3) Fold in egg white mixture into egg yolk mixture in 3
portions
4) Bake at 170°C for around 35 minutes or till skewer
comes clean. When cake is out of the oven, immediately invert the tin and leave the
cake in the tin to cool completely. Slice the cake horizontally into 2 slices.
Mango Mousse :
17g Gelatine Powder
60g Hot Water
350g Whipping Cream
3 Tbsp Icing Sugar
300g Mango Puree (if regrigerated,
bring to room temperature)
1Tbsp Rum
200g to 220g Cubed Mango
Mango puree topping:
150g mango puree (bring to room temperature)
1 Tbsp gelatin
4-1/2 Tbsp boiling water
Method
1) In a mixing bowl, whip whipping cream with icing
sugar to mousse state.

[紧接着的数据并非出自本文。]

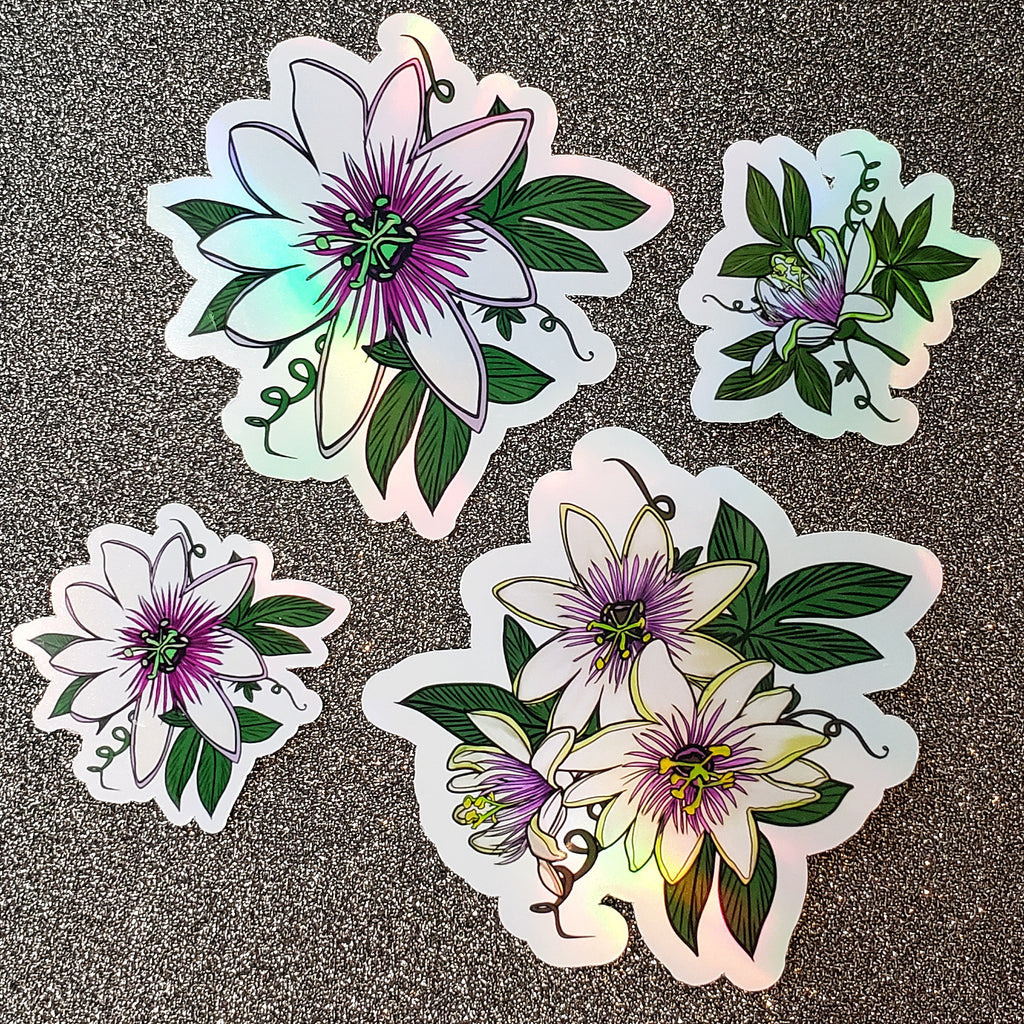 Liliko'i Passion Fruit Flower Sticker Set - Holographic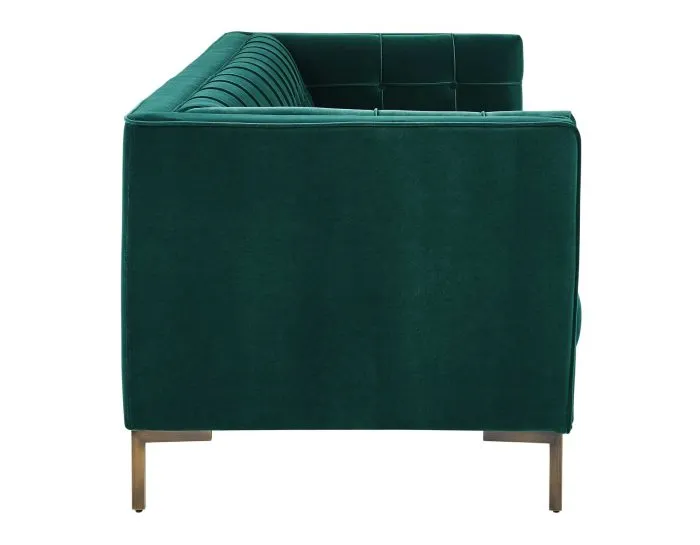 Isaac Channel Stitched Velvet Sofa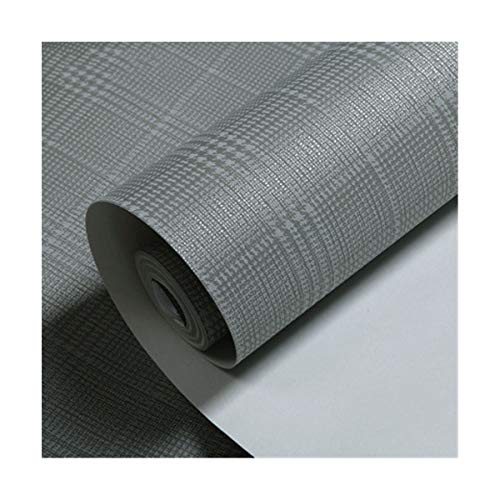 T-QZZQ Simple Pearl Stripe Plaid No tejido Moderno Dormitorio Sala de estar Restaurante Hotel Wallpaper, Gris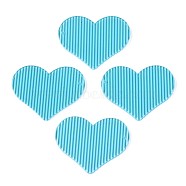 Stripe Cellulose Acetate(Resin) Pendants, Heart, Cyan, 29x37x2mm, Hole: 1.4mm(KY-T040-53A)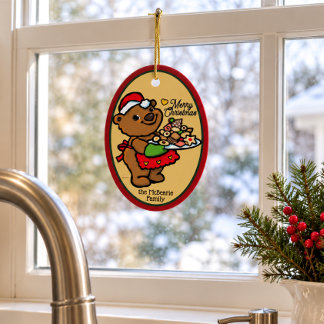 Décoration En Céramique Jolis ours du Père Noël pour les cookies de Noël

Refrigerate to chill.
2) In a small
bowl, dissolve gelatine powder in hot water. When the gelatine powder is fully
dissolved, add to mango puree. Add rum to the mixture. Mix well.
3) Add the mango
mixture to whipped cream. Mix well till incorporated.
4) Use a 17cm inch
cake ring (or spring form pan), place a layer of cake and pour in mango mousse,
or use a large piping tip to pipe the mixture. Do take note of the corners. Add
mango cubes and cover them with some mousse. Let it slighlty set for about 10
minutes in the fridge.
5) Lay another
cake layer and pour the remaining mousse. Let it set for 30 to 45 minutes in
the fridge.
6) Meanwhile,
dissolve gelatine in hot water for mango puree topping. Mix in mango puree.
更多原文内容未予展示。